BEGIN Entries shown

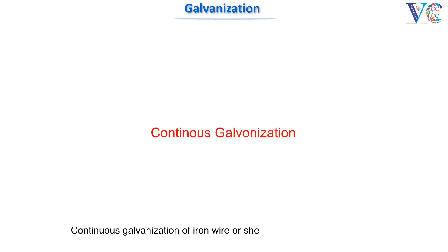Continuous galvanization of iron wire or sheet can also be carried out by adopting a similar procedure.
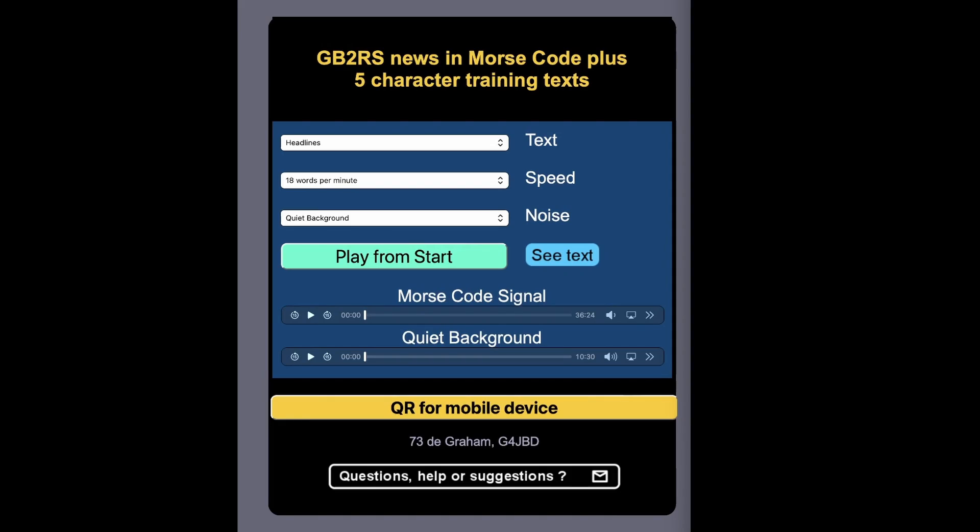I thought what I'd do is show you on screen how it is presented, how it works, and how it may help you in improving your CW speed or the way that you send CW. Graham is obviously a news reader for the RSGB and he seems to read the news on the 80 meter band using AM. It's quite a fascinating QRZ page to look at, but we're going to concentrate on the CW side of it. Graham has transcribed the RSGB news bulletin, which I presume he updates regularly, so that it's now presented in Morse code.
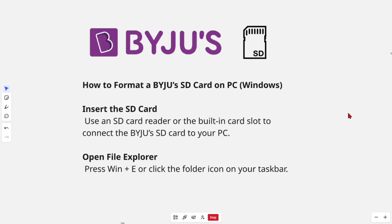On Windows, we need to insert the SD card. Use an SD card reader or the built-in card slot to connect the Bajus SD card to your PC.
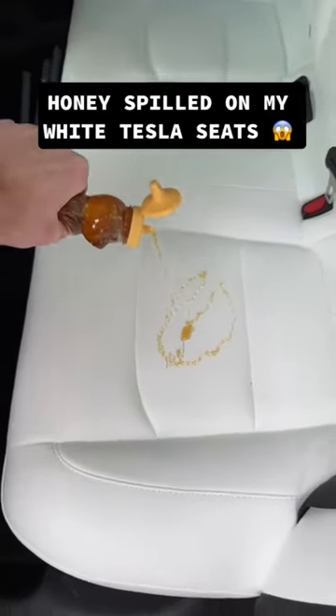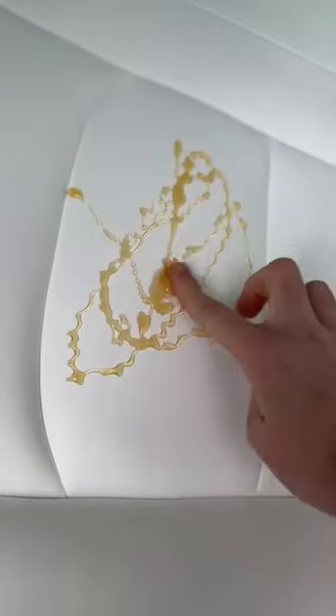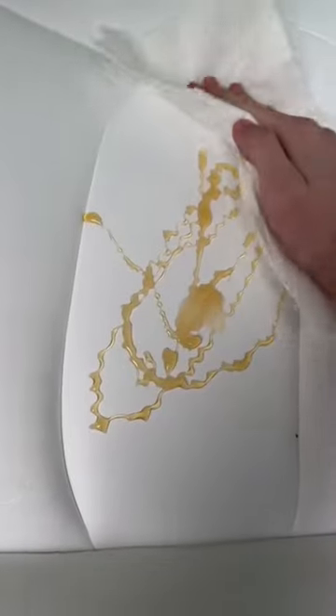Oh no, I got honey all over my white Tesla seats! What will I ever do? It does be sticky though. Good thing I can just wipe this up with some paper towels.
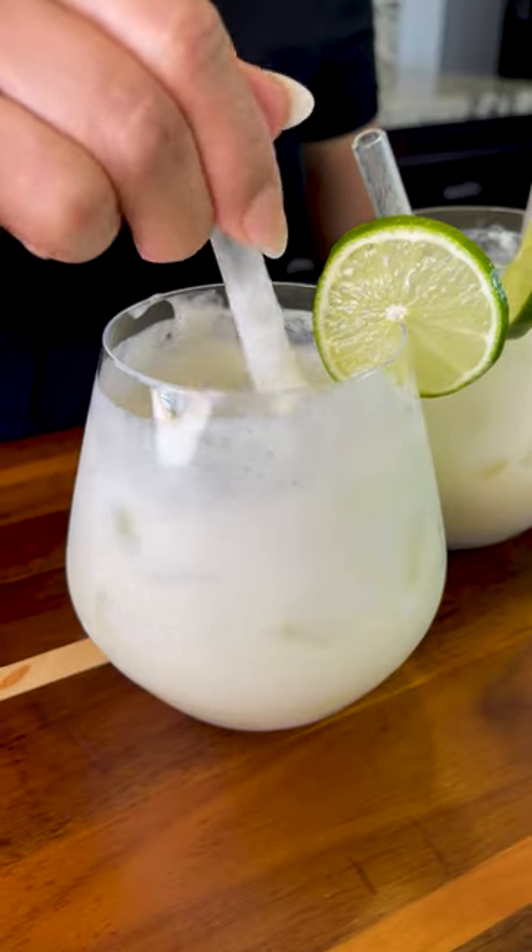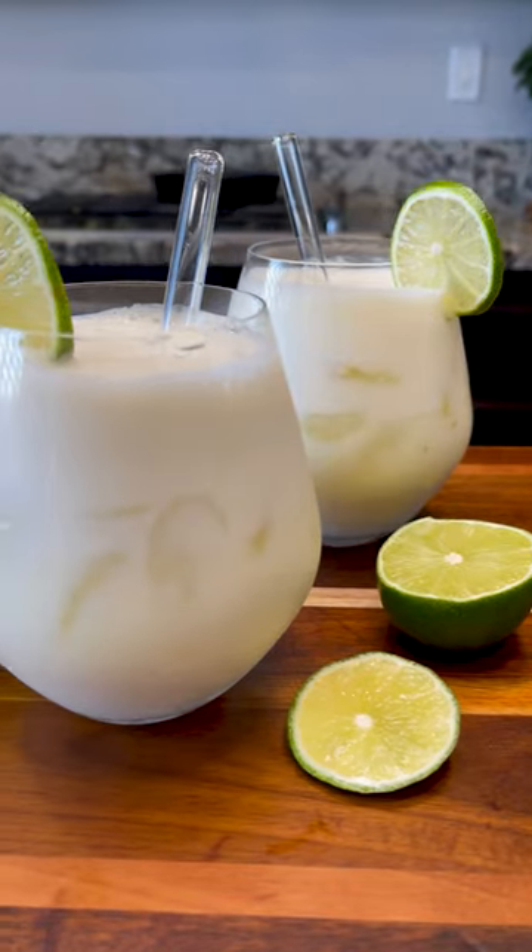Honestly guys, this is so good and so refreshing. Cheers! Super good. And there you have it — delicious Brazilian lemonade.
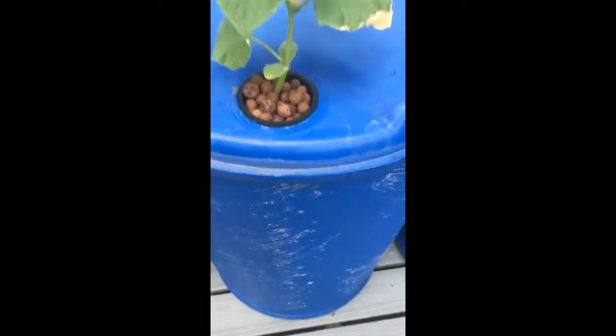But now look how deep the water is — it's not very deep at all. I mean, it hasn't lost a lot of water at all. But man, there it is.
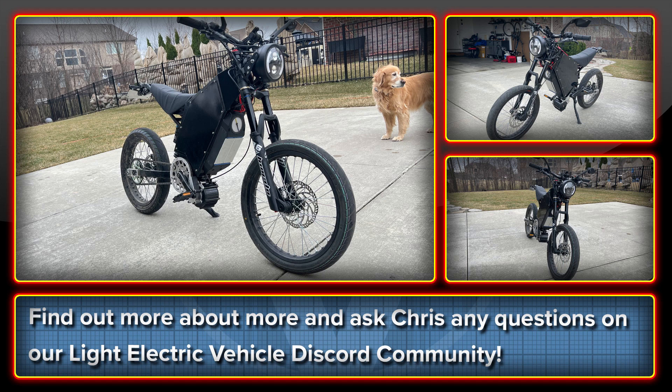Welcome to the High Voltage Light Electric Vehicle Channel. This week's video looks at Chris's bike using the Lightning Rods Big Block IPM motor. I love this bike because it epitomizes everything we stand for and do here at High Voltage. Chris had a vision to build a street-legal bike and he brought this to life on our Discord community, getting help and advice from many people as well as contributing himself to the community along the way, which is exactly how it's intended to work.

END Entries shown

=== Exercise details ===
Each line above that falls between the line with "On Windows, we" and the line with "But now look" should be printed exactly, together with those two lines, but the pictures should not.

=== Reply ===
On Windows, we need to insert the SD card. Use an SD card reader or the built-in card slot to connect the Bajus SD card to your PC.
Oh no, I got honey all over my white Tesla seats! What will I ever do? It does be sticky though. Good thing I can just wipe this up with some paper towels.
Honestly guys, this is so good and so refreshing. Cheers! Super good. And there you have it — delicious Brazilian lemonade.
But now look how deep the water is — it's not very deep at all. I mean, it hasn't lost a lot of water at all. But man, there it is.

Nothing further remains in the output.